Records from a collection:
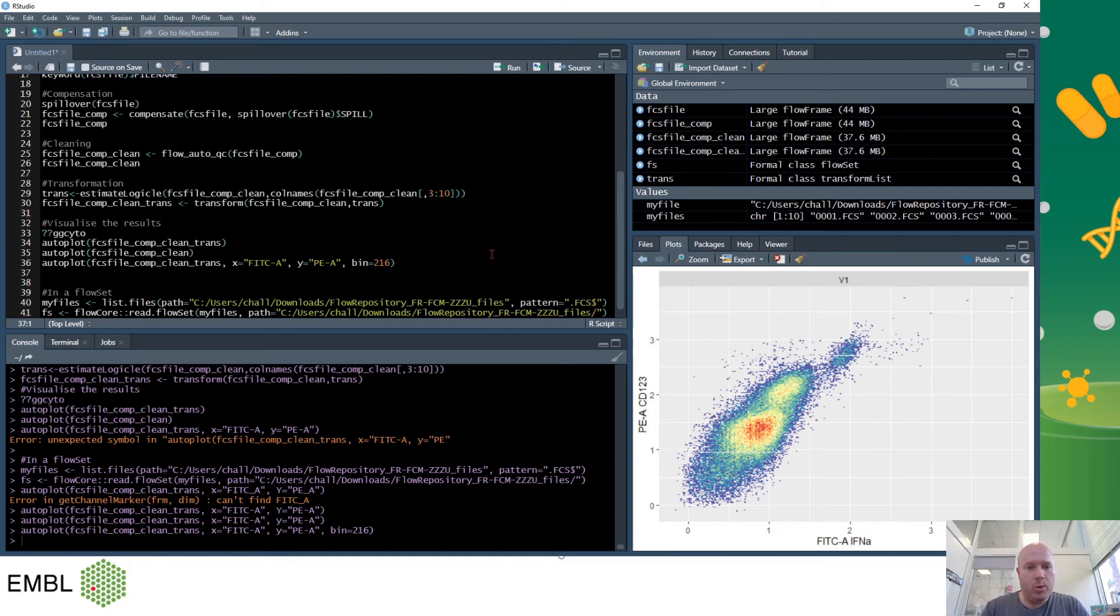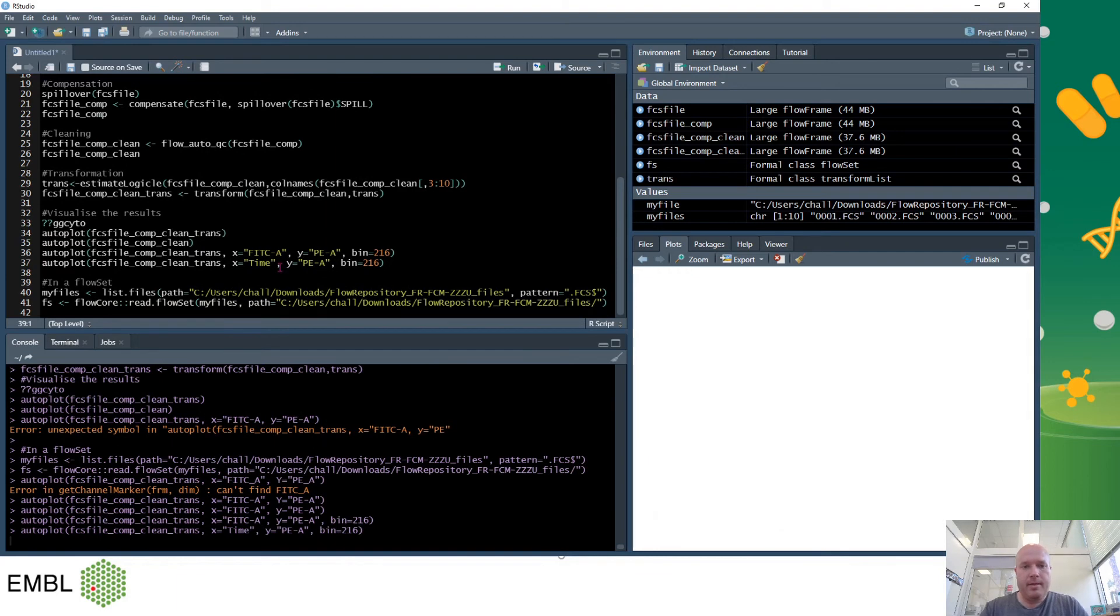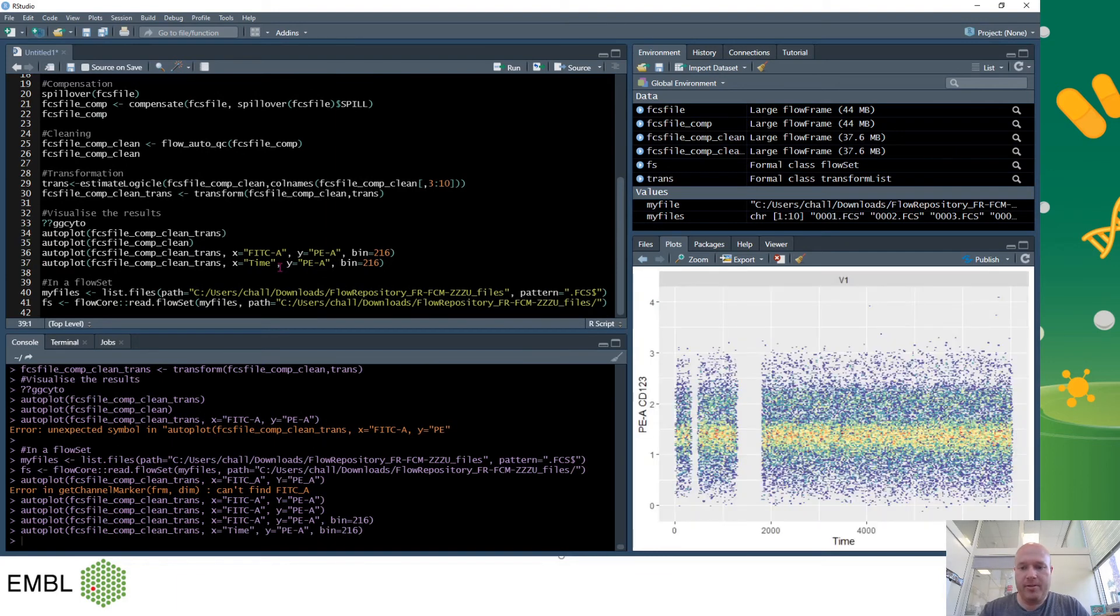And so this is useful so now we can visualize what happened in our cleaning step. So we can use the auto plot again, just highlight it and copy it, and I'll change one of these to time. And then we've got the plot of time and we can see we have some gaps here.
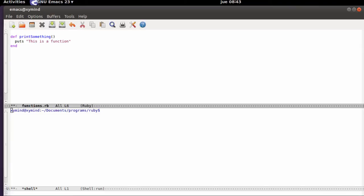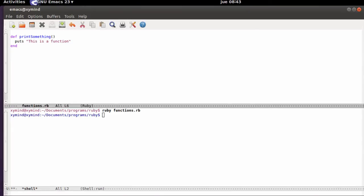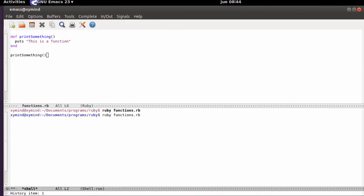That's the first step. After that you need to call this function so it can actually do something. If we save and execute this program right now we won't get anything because the function is only defined — it's not going to execute the code yet. If you want to execute the code you need to call the function by writing its name: print_something with open and close parentheses. Save this code and run it again and you can see that it now prints 'this is a function' because the function is actually executing.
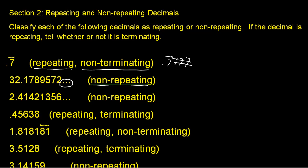And the same here. There are no blocks of numbers repeating themselves. And it goes on indefinitely to the right of the decimal place. Therefore, it's a non-repeating decimal.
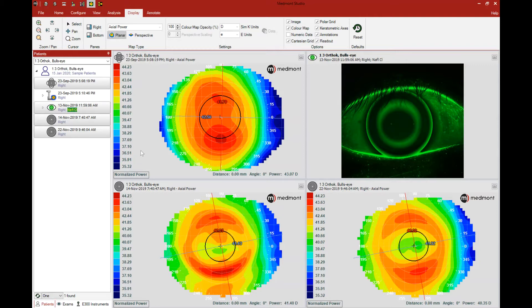The first step is to highlight the images you'd want to send. In this case, we have a baseline ortho-k topography, a fluorescein pattern of the lens fit, and our two post-treatment topographies. We want to share this with our lab consultant for assistance.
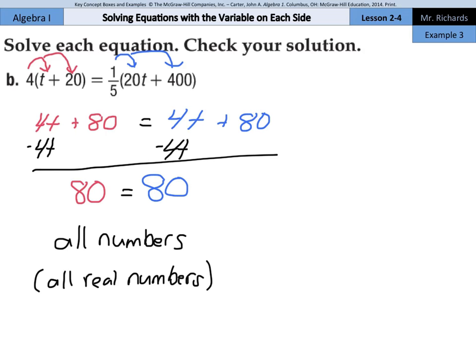Questions like example 3a and 3b will be mixed in with questions that have just one solution. If you wanted to, on this one you could put in any number for t and you'll get the same answer on the left and right side. But for your work on questions like 3a and 3b — when you have no solution or all numbers slash all real numbers — you do not, for now, need to check these.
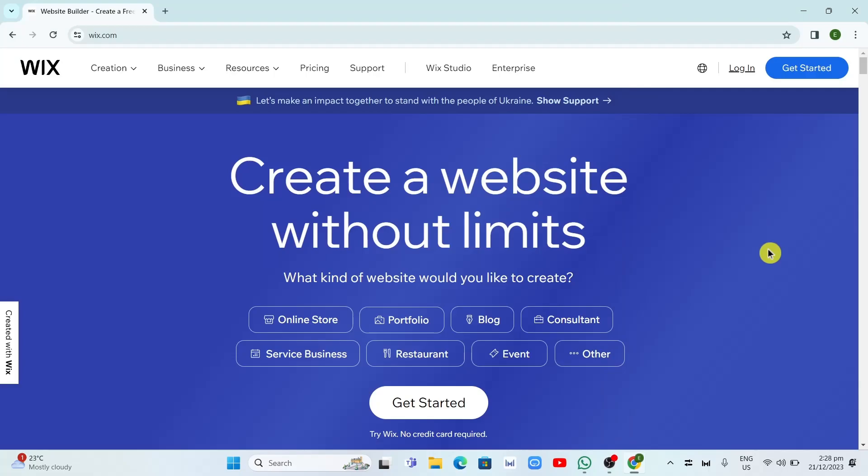Hey everyone, welcome back to another quick how-to. In this video, we're going to show you how you can create a website using Wix in this step-by-step guide.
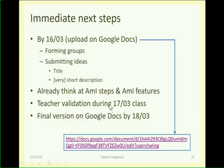In class you will have time to connect and modify your proposal during the session.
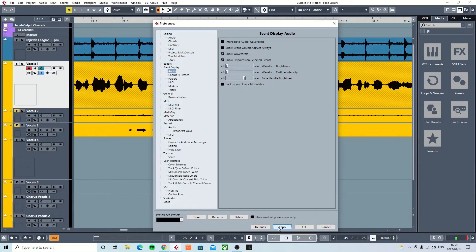And it's that simple to play around with the waveforms. So there you go, I hope I answered your question.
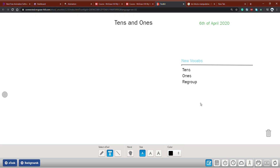Hello everyone, welcome to the online math session. I'm Rama, your math teacher, and today our lesson is about tens and ones. First, I want to remind you about our previous lesson — what did we take yesterday?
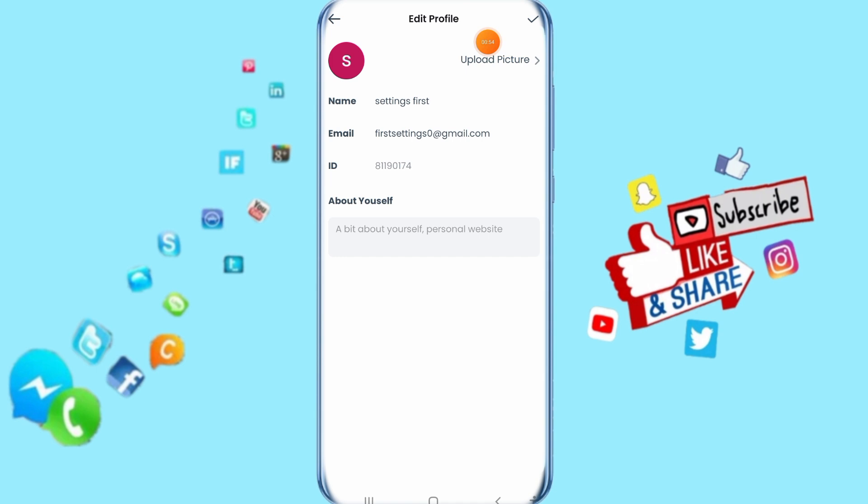That's all you have to do. Thank you for watching. Don't forget to support us by liking and subscribing.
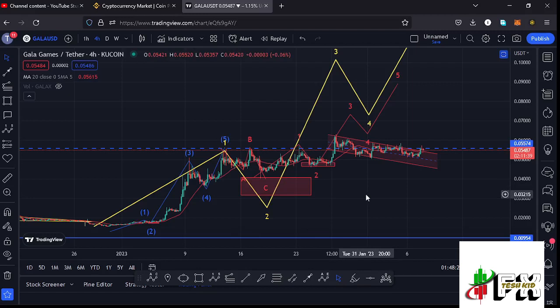Welcome back to Tashkid Effects for another Gala Games price prediction update. In this video I'll be giving you the latest developments happening on the Gala Games chart. At the time of this recording it is trading above the 20-day MA on the 4-hour chart, and we have also continued to obey the EDU 12 structures.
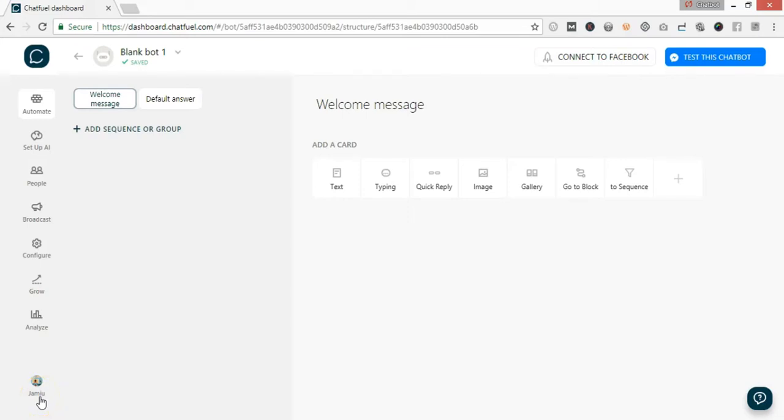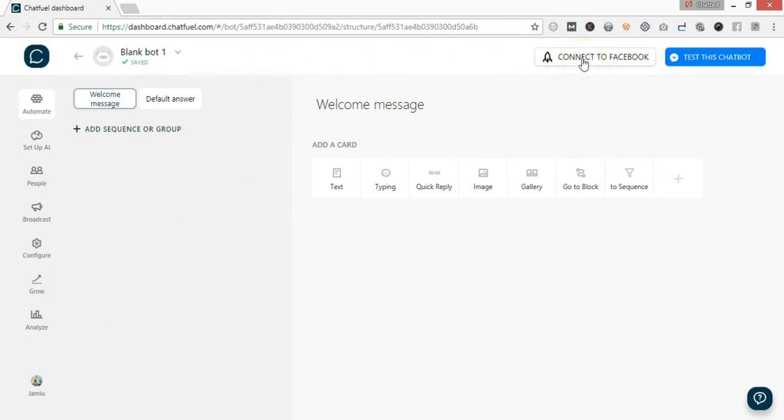Welcome back. In this video, I want to show you how to connect your new bot to your Facebook page. I'm going to go to the header area, and as you can see this button, click on Connect to Facebook.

> [PROBLEM STATEMENT]: What is needed is a word-for-word restatement of the lines from the one holding "Questions like example" to the final line of the data above, inclusive, without any pictures.

> [YOUR RESPONSE]:
Questions like example 3a and 3b will be mixed in with questions that have just one solution. If you wanted to, on this one you could put in any number for t and you'll get the same answer on the left and right side. But for your work on questions like 3a and 3b — when you have no solution or all numbers slash all real numbers — you do not, for now, need to check these.
Hey everyone, welcome back to another quick how-to. In this video, we're going to show you how you can create a website using Wix in this step-by-step guide.
In class you will have time to connect and modify your proposal during the session.
And it's that simple to play around with the waveforms. So there you go, I hope I answered your question.
Hello everyone, welcome to the online math session. I'm Rama, your math teacher, and today our lesson is about tens and ones. First, I want to remind you about our previous lesson — what did we take yesterday?
That's all you have to do. Thank you for watching. Don't forget to support us by liking and subscribing.
Welcome back to Tashkid Effects for another Gala Games price prediction update. In this video I'll be giving you the latest developments happening on the Gala Games chart. At the time of this recording it is trading above the 20-day MA on the 4-hour chart, and we have also continued to obey the EDU 12 structures.
Welcome back. In this video, I want to show you how to connect your new bot to your Facebook page. I'm going to go to the header area, and as you can see this button, click on Connect to Facebook.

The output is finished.